# [PROBLEM]
In the records below, find the line holding "Pre-owned Christian Louboutin" and the line holding "Ted Baker London". Set down both, with every line between them, exactly.

DATA EXTRACTS Start Marker

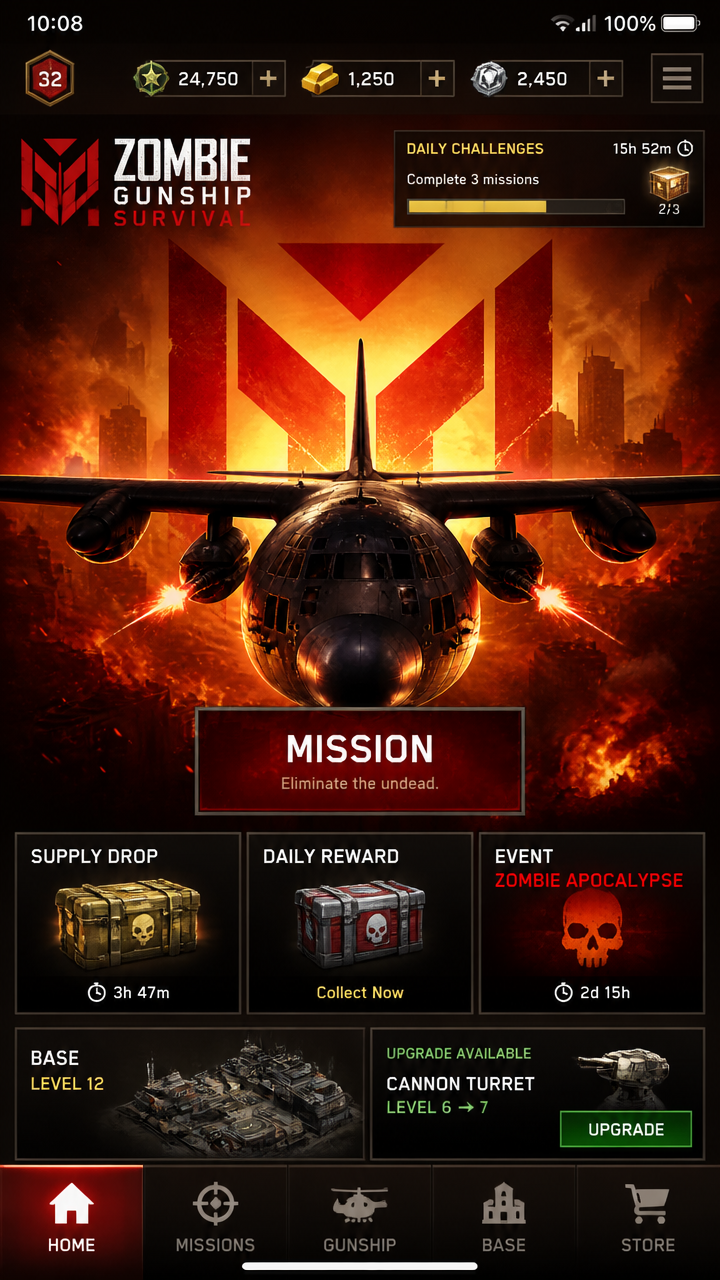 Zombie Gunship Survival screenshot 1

DATA EXTRACTS End Marker
DATA EXTRACTS Start Marker

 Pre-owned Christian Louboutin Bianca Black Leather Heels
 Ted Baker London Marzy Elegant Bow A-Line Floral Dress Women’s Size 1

DATA EXTRACTS End Marker

# [WRITTEN SOLUTION]
 Pre-owned Christian Louboutin Bianca Black Leather Heels
 Ted Baker London Marzy Elegant Bow A-Line Floral Dress Women’s Size 1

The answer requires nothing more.